Le gouvernement destine 2 % de la taxe sur le tabac à la prévention et au contrôle du tabagisme.

Le gouvernement destine 2 % de la taxe sur le tabac à la prévention et au contrôle du tabagisme.

Une mesure figure dans un arrêté conjoint des ministères des Finances et de la Santé, auquel l’agence Lusa a eu accès aujourd’hui. Cet arrêté fixe le pourcentage des recettes de la taxe sur le tabac à affecter à l’exécution de politiques actives de prévention et contrôle du tabagisme, définissant également les entités et les programmes du secteur de la santé auxquels les fonds peuvent être alloués.

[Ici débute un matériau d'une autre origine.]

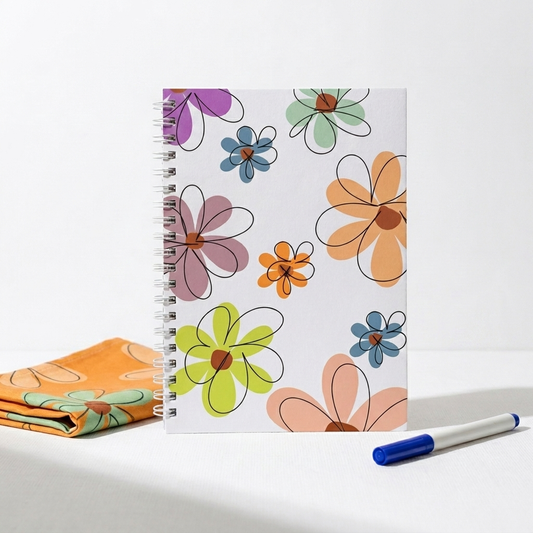 White floral Re-writable Notebook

Prévue dans le Budget de l’État pour 2026, cette mesure se justifie, selon l’arrêté, en considérant que le tabagisme « continue d’être l’une des principales causes évitables de morbidité et de mortalité au Portugal » et que la réduction de sa prévalence constitue une priorité de santé publique.

Le montant des recettes à collecter cette année sera transféré à l’Administration Centrale du Système de Santé, qui assurera l’affectation des fonds à diverses finalités, dont le Programme National de Prévention et Contrôle du Tabagisme, sous la coordination de la Direction Générale de la Santé (DGS).

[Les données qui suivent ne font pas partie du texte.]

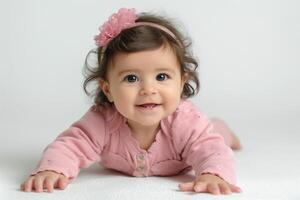 Adorable baby girl with curly hair and a pink outfit, smiling happily while crawling on a white surface. photo
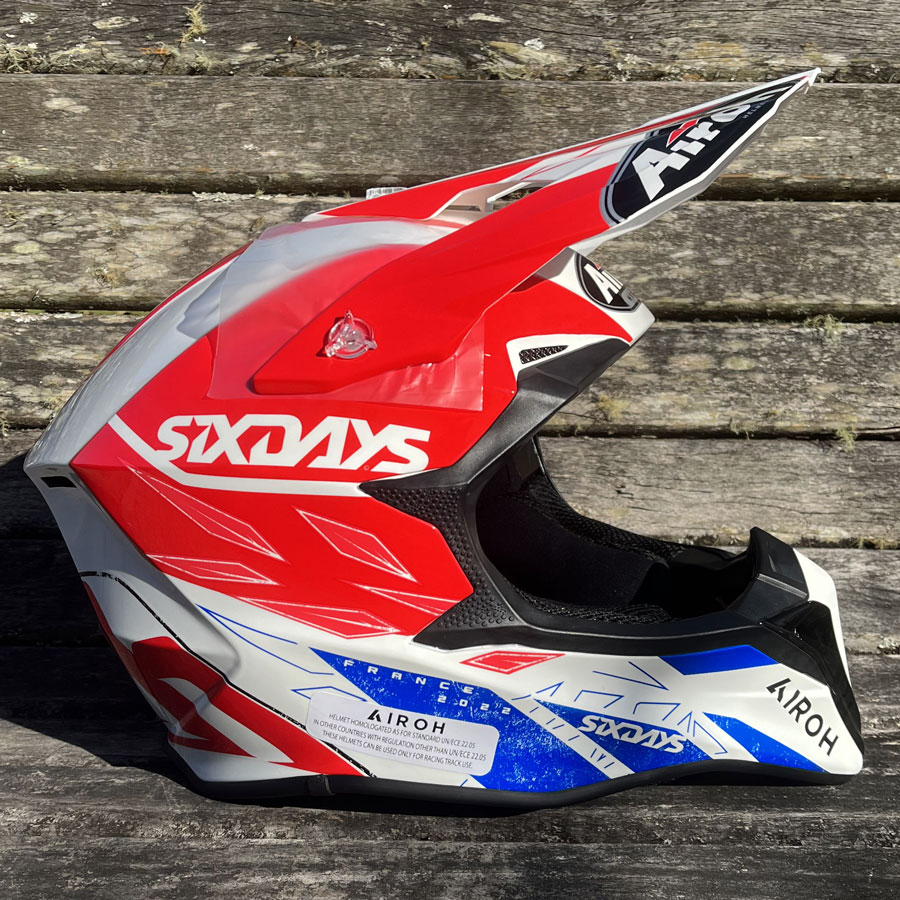 AIROH WRAAP SIX DAYS - CASCO DA CROSS MOTO MOTOCROSS ENDURO BLU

L’arrêté stipule que les recettes seront également destinées à divers programmes nationaux pour les maladies respiratoires, les maladies oncologiques, les maladies cérébro-cardiovasculaires et la promotion de la santé bucco-dentaire et de la santé scolaire, ainsi qu’à l’implémentation de projets pilotes de dépistage et de diagnostic précoce du cancer du poumon à développer dans les Unités Locales de Santé (ULS) du Service National de Santé (SNS).

Parmi d’autres mesures, il est également prévu que le montant à collecter cette année soit destiné à l’implémentation et à l’expansion de programmes de dépistage de base populationnelle et de consultations et programmes de cessation tabagique à développer dans les soins de santé primaires et les soins hospitaliers des ULS, y compris le financement de thérapies pharmacologiques de soutien par le SNS.

Un autre arrêté du Ministère de la Santé détermine que la plus grande part des recettes à collecter — 35% – sera destinée à l’implémentation et à l’expansion de programmes de dépistage de base populationnelle, suivi du Programme National de Promotion de la Santé Orale, avec 22,5%. Les autres finalités se sont vues attribuer des pourcentages variant entre 10% et 1%.

En pratique, la mesure permet de financer directement trois domaines d’intervention prioritaires : la prévention de la consommation, le renforcement du soutien à ceux qui souhaitent arrêter de fumer, et le diagnostic précoce des maladies associées à la consommation de tabac.